Sassenhagen Jona, Fiebach Christian J
Department of Psychology, Goethe University Frankfurt, Germany.
Brain Imaging Center, Goethe University Frankfurt, Germany.
Neurobiol Lang (Camb). 2020 Mar 1;1(1):54-76. doi: 10.1162/nol_a_00003. eCollection 2020.
How is semantic information stored in the human mind and brain? Some philosophers and cognitive scientists argue for vectorial representations of concepts, where the meaning of a word is represented as its position in a high-dimensional neural state space. At the intersection of natural language processing and artificial intelligence, a class of very successful distributional word vector models has developed that can account for classic EEG findings of language, that is, the ease versus difficulty of integrating a word with its sentence context. However, models of semantics have to account not only for context-based word processing, but should also describe how word meaning is represented. Here, we investigate whether distributional vector representations of word meaning can model brain activity induced by words presented without context. Using EEG activity (event-related brain potentials) collected while participants in two experiments (English and German) read isolated words, we encoded and decoded word vectors taken from the family of prediction-based Word2vec algorithms. We found that, first, the position of a word in vector space allows the prediction of the pattern of corresponding neural activity over time, in particular during a time window of 300 to 500 ms after word onset. Second, distributional models perform better than a human-created taxonomic baseline model (WordNet), and this holds for several distinct vector-based models. Third, multiple latent semantic dimensions of word meaning can be decoded from brain activity. Combined, these results suggest that empiricist, prediction-based vectorial representations of meaning are a viable candidate for the representational architecture of human semantic knowledge.

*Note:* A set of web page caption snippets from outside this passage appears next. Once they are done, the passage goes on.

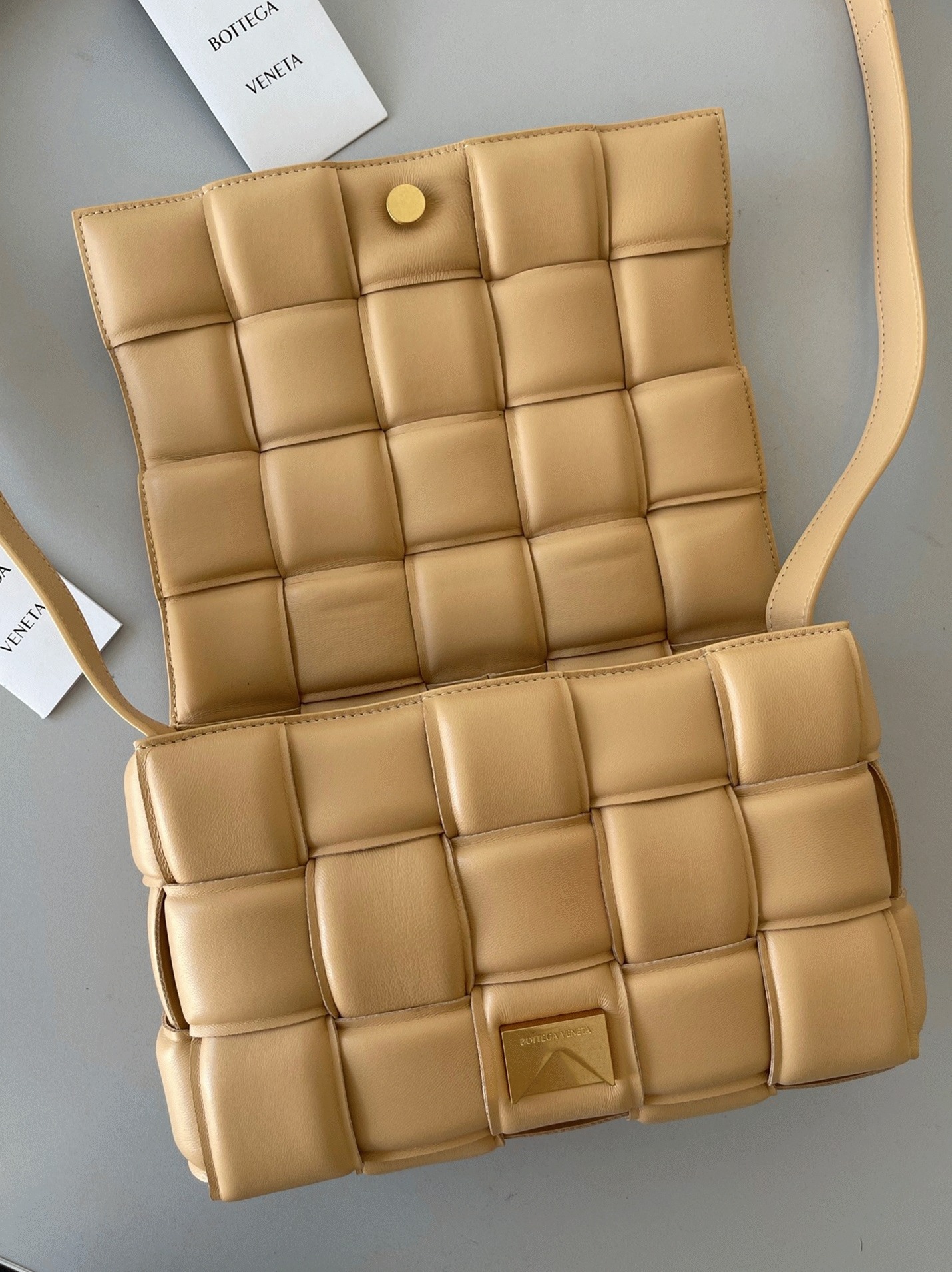 Top Quality Knockoff B0tt*ga Ven*ta Padded Cassette Bag In Almond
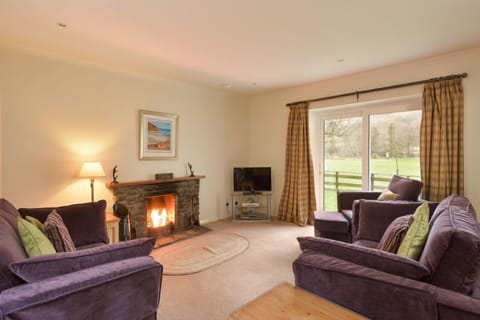 Weighbridge Cottage Lounge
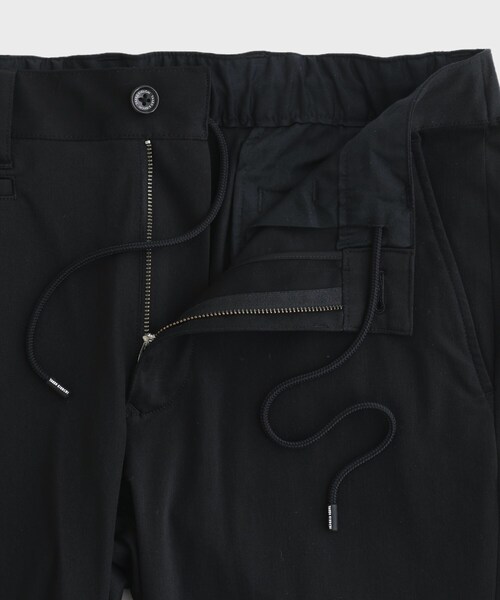 TAKEO KIKUCHI(タケオキクチ)の「【LIMITED】ワンダーシェイプ 360°ストレッチ テーパードスキニーチノパンツ(スラックス・メンズ・チャコールグレー/ブラック/ベージュ/ネイビー・01/02/03/04/05)」の15枚目の写真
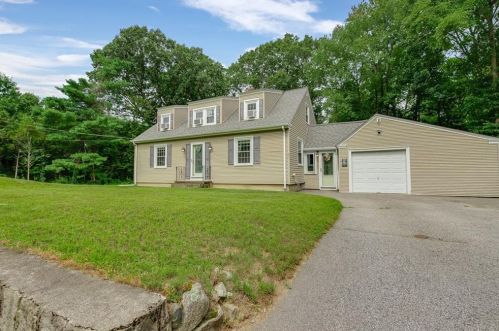 227 Cobble Hill Rd, Lincoln, RI 02865-5107
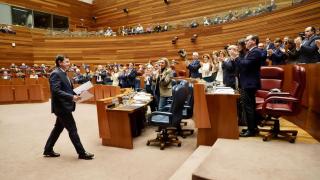 El presidente de la Junta de Castilla y León, Alfonso Fernández Mañueco, recibe el aplauso de la bancada del Grupo Popular tras su intervención en el pleno de las Cortes de este jueves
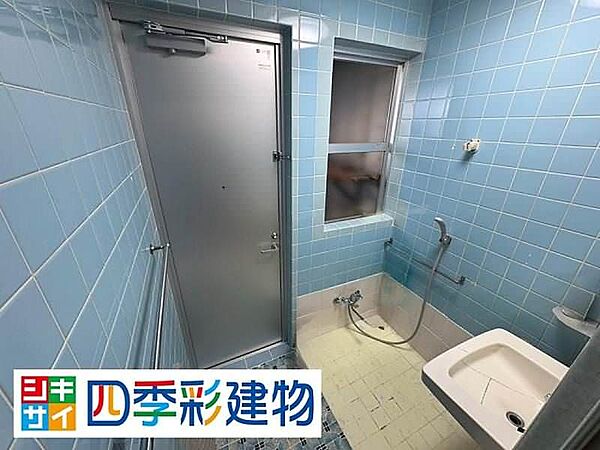 タイル張りのシャワー室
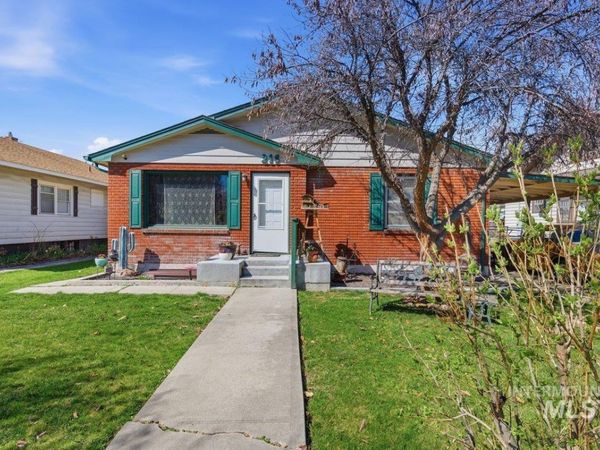 215 17th Ave S, Nampa, ID 83651
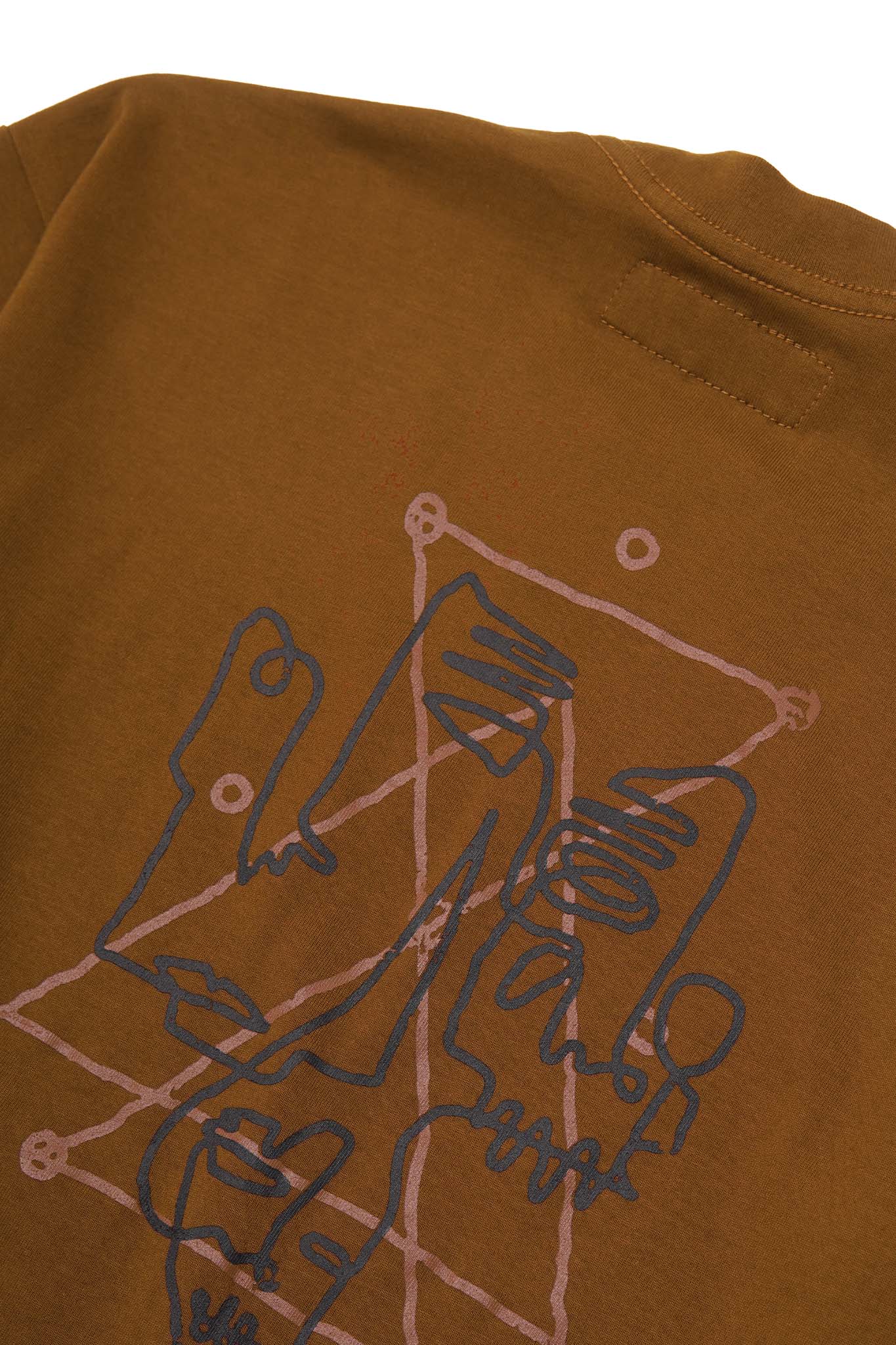 "VISAGES" ULTRA HEAVY TEE IN RUST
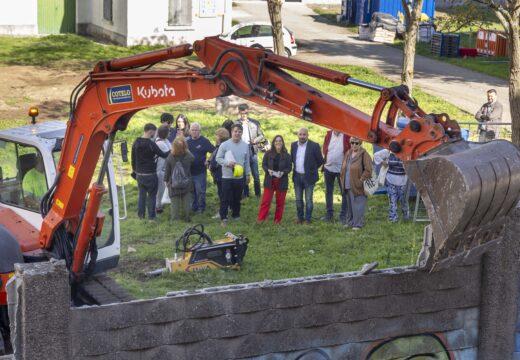 O Concello inicia os traballos de demolición dos muros do parque do Observatorio, cumprindo compromiso de dotar ao Agra dunha zona verde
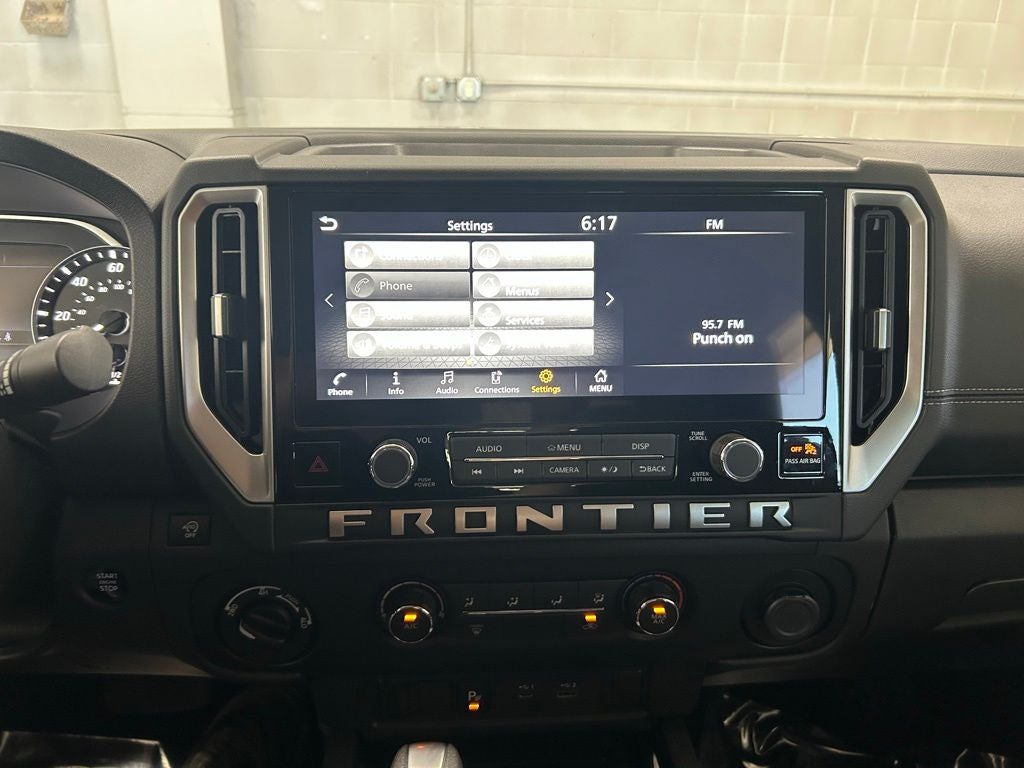 2026 Nissan Frontier SV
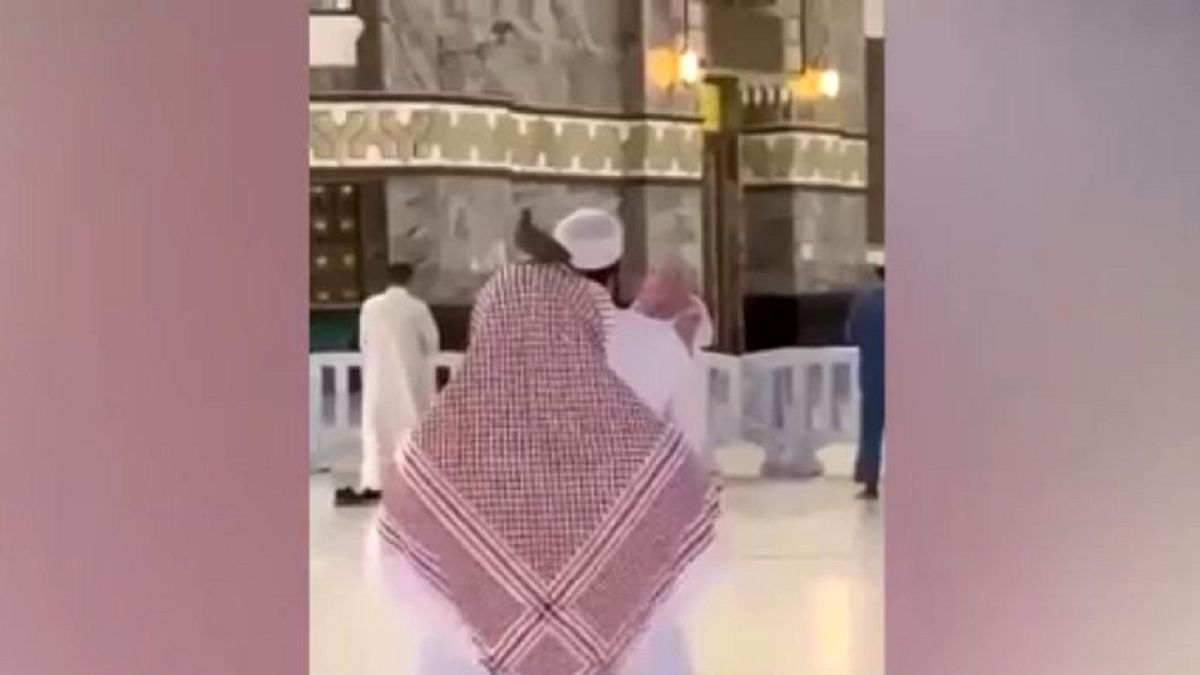 اتفاقی جالب برای یک شهروند هنگام نماز در کعبه +عکس و فیلم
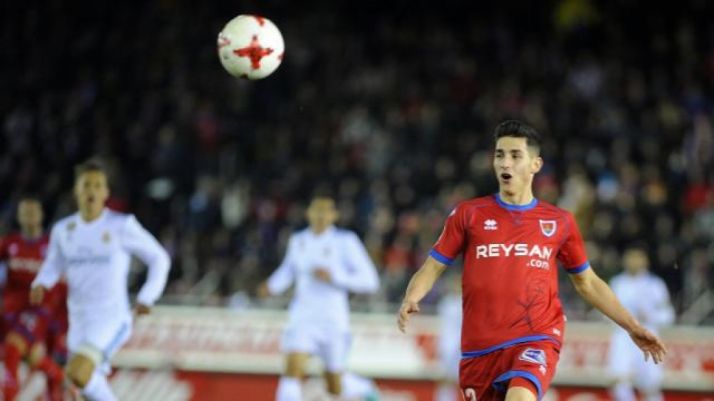 Pere Milla se dispone a controlar un balón contra el Real Madrid en Los Pajaritos. LaLiga.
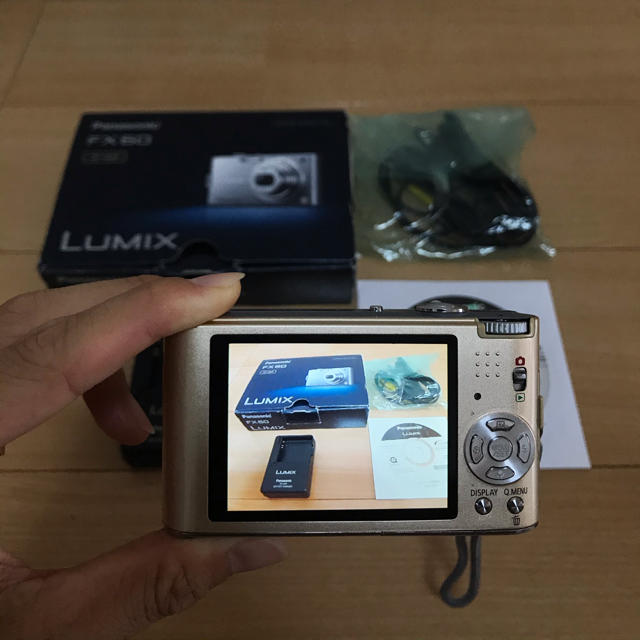 Panasonic(パナソニック)のLUMIX FX DMC-FX60-G スマホ/家電/カメラのカメラ(コンパクトデジタルカメラ)の商品写真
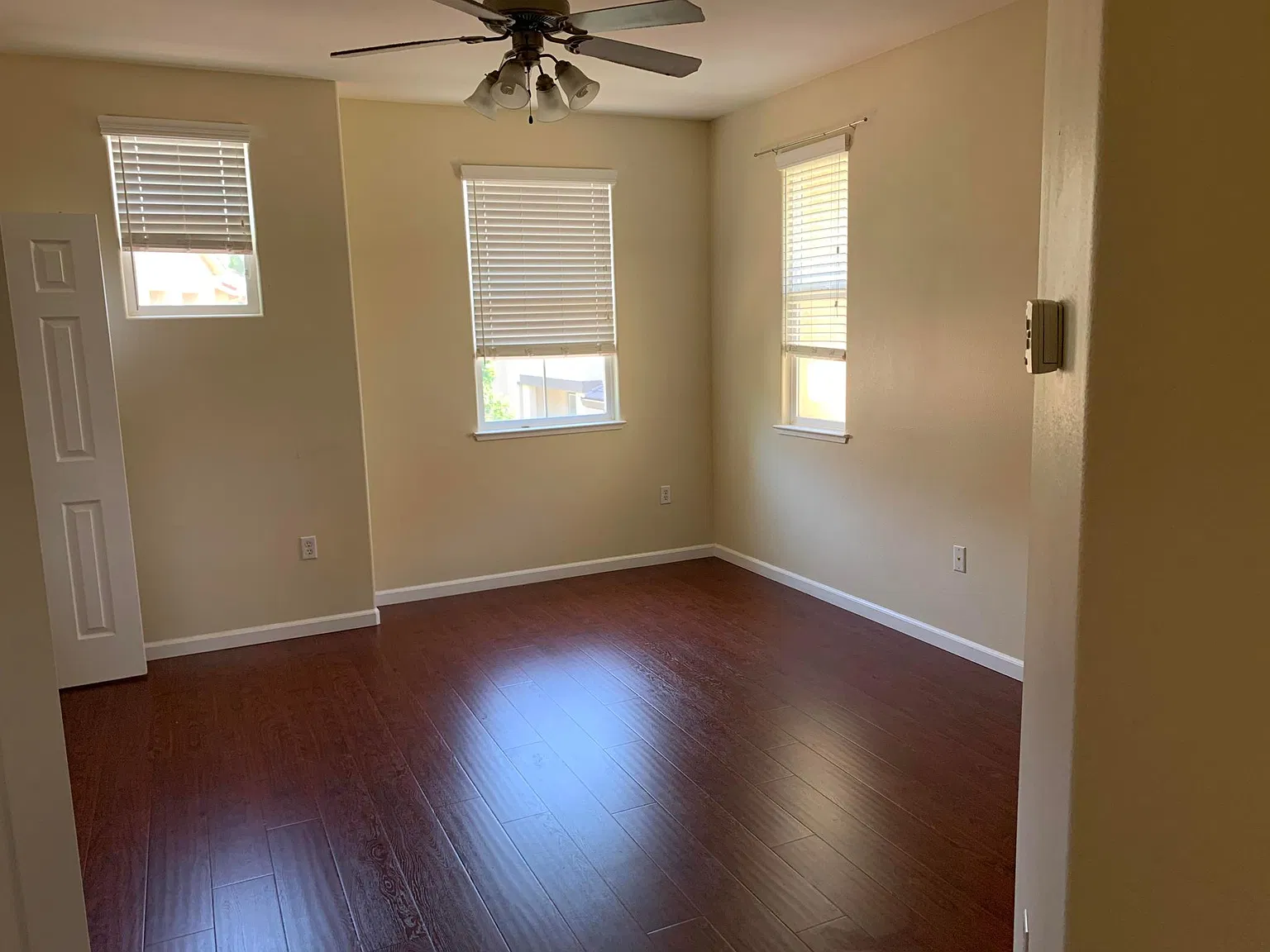 3 bed, 1388 sqft, $2,300 — Photo 2
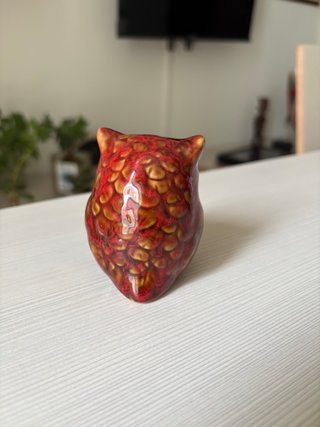 Gufo in ceramica rosso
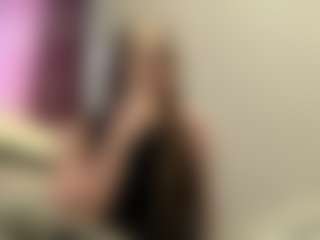 Mia's Live Sex Cam Show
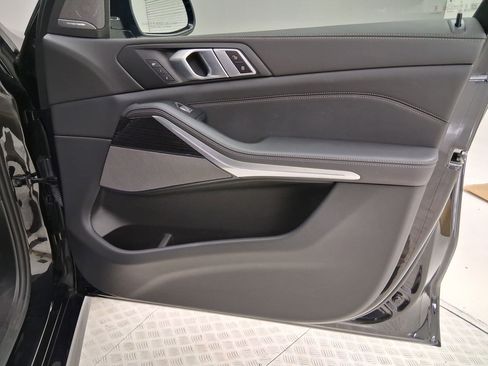 Certified 2025 BMW X7 xDrive40i w/ M Sport Package image 32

语义信息是如何存储在人类的心智和大脑中的?一些哲学家和认知科学家主张概念的向量表示,即一个词的意义被表示为其在高维神经状态空间中的位置。在自然语言处理和人工智能的交叉领域,已经开发出一类非常成功的分布词向量模型,这些模型可以解释语言的经典脑电图结果,也就是说,一个词与它的句子语境整合的难易程度。然而,语义模型不仅要解释基于语境的词处理,还应该描述词的意义是如何被表示的。在这里,我们研究词意义的分布向量表示是否可以模拟在无语境呈现词时诱发的大脑活动。利用在两个实验(英语和德语)中参与者阅读孤立单词时收集的脑电图活动(事件相关脑电位),我们对从基于预测的Word2vec算法家族中提取的词向量进行编码和解码。我们发现,首先,一个词在向量空间中的位置可以预测相应神经活动随时间的模式,特别是在单词出现后300到500毫秒的时间窗口内。其次,分布模型的表现优于人工创建的分类基线模型(WordNet),并且这适用于几个不同的基于向量的模型。第三,可以从大脑活动中解码词意义的多个潜在语义维度。综合起来,这些结果表明,基于预测的经验主义向量意义表示是人类语义知识表示架构的一个可行候选方案。